森林生態学(四手井 綱英)

 森林伐採、破壊が地球的規模で行われていることに関して 

「森の木や草がどれだけ水と空気を吸い、光合成をおこなって、どれほど、有機物や酸素をだすか、科学的に調べるてみると、保水力酸素供給力は云われるほどではないらしい。
 酸素についてみれば、光合成で炭酸ガスを吸って酸素を出す時に、動物と同じように、呼吸作用で酸素を吸って炭酸ガスを出しているからプラスマイナスするとたいしたことにならない。
 ではなぜ、森林が大切なのか?
 「大事なことは炭素を貯蔵すると云うこと、地球の陸地の30%が森、そのが固定し保有している炭素量は空気中の炭素の量と等しく、また林地の腐植に含まれる炭素の量も同量である。つまり、空気中の炭素の2倍を森林で蓄えられている。森林が消えるとそこに貯蔵されていた炭素は回り回って最後には炭酸ガスとして空気中に放出、地球は息苦しくなる」

割り箸は森林保護に役立っている?
「炭酸ガスをより吸収するのは成長が止まった木の多い自然林ではなく、伐っては植えている人工林
 乾燥木材の質量の半分は炭素。それは、自然林より人工林の木の方が大きい。若い人工林が大量の炭素を吸収し、固定した結果である。
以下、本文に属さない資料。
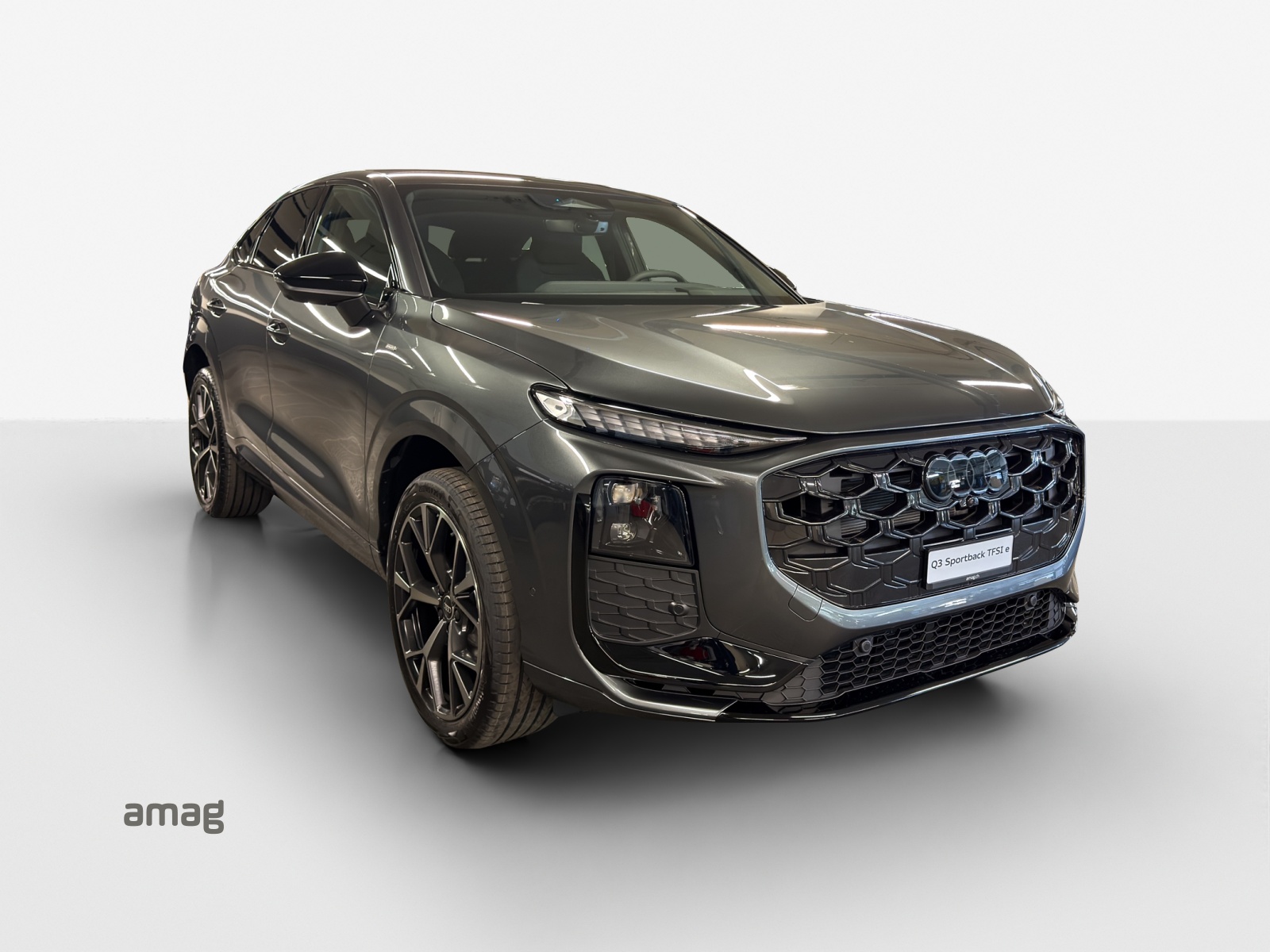 AUDI Q3 Sportback e-hybrid 200 kW S tronig-image-5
 したがっ、伐採後に植林すれば炭素の吸収がどんどん進む。伐った木も住宅や家具などに使えば、壊して燃やすまでは炭酸ガスを発散せずに炭素の形で溜めこんでいる。
 都市は木造住宅や家具の形で炭素を貯蔵している。これを都市の森林と呼ぶ。
地球温暖化防止、炭酸ガス排出量の規制が世界的に厳しく云われている今日、木造住宅や家具は一助となる。その寿命を延ばす工夫が大切。立て替え時に、廃材を燃やさず何かに利用する技術開発が急がれる。
逆説的だが、森林伐採はむしろ炭酸ガスの吸収や固定に役立っている。
 一時期、割り箸が木の無駄使いだとやり玉に挙げられたが、割り箸の材料は木の成長を促進するために間引いたときに出る間接材で、むしろ森林保護に役立つことが見直された。
 勿論、森林伐採ははそこに住む動物の生存を脅かす。伐採後に植林が共はないと砂漠化し、炭酸ガスの保有どころではなくなる。
 日本は木材の輸入大国だが、輸入先の現地で植林に協力する日本企業や民間ボランティアも急増している」


室生寺五重塔 千二百年の生命
        (松田敏行 詳伝社)日経書評、森谷正規評抜粋
日本の木造建築は千二百年、千三百年も風雪に耐えているが現代のコンクリート建築は百年も持たない。現代技術の産物は、永続性において千年前の技術にはるかに劣る。
 平成十年の九月に台風で杉の大木が倒れかかって室生寺五重塔が無惨にも損傷された。それを保存修理したのが、奈良県に勤めて四十年も文化財修理をしてきた松田さん。
この五重塔は高さが十六・一メートルの小さく可憐な搭、法隆寺五重塔の半分
 木造建築物の保存修理は大事業だが、その丹精込めた修理によって、さらに千年も持たせることが出来る。
 五重塔は、日本が世界に誇れる素晴らしい建物である。重要文化財になっているものは全国で二十五基、そのうち十一基が国宝である。どれも千年ほども生き抜いている。五重塔に焼失はあるが、地震や台風で倒れたものはないという。  もっとも、数百年に一度の解体修理は行っている。室生寺五重塔も創建以来二度の修理なされているが今でも創建当時の部品が多く残っていて、十分再利用できたという。  解体して大半の部品を再利用できるのは、木造建築であり、“木組み”で建てているからだ。
和釘も使うが、基本は木を組み合わせている構造であり、痛んだ部材だけ取り替えればいいのである。
 コンクリート建築ではそうはいかない。古来の木造建築は資源を大切にし、廃材を出さず二十一世紀に理想的な建物なのである」

寸評 世界に冠たり、日本の木造建築と技術こそ「森林再生、資源保護、地球温暖化対応」の決め手として世界中で研究されるべきである。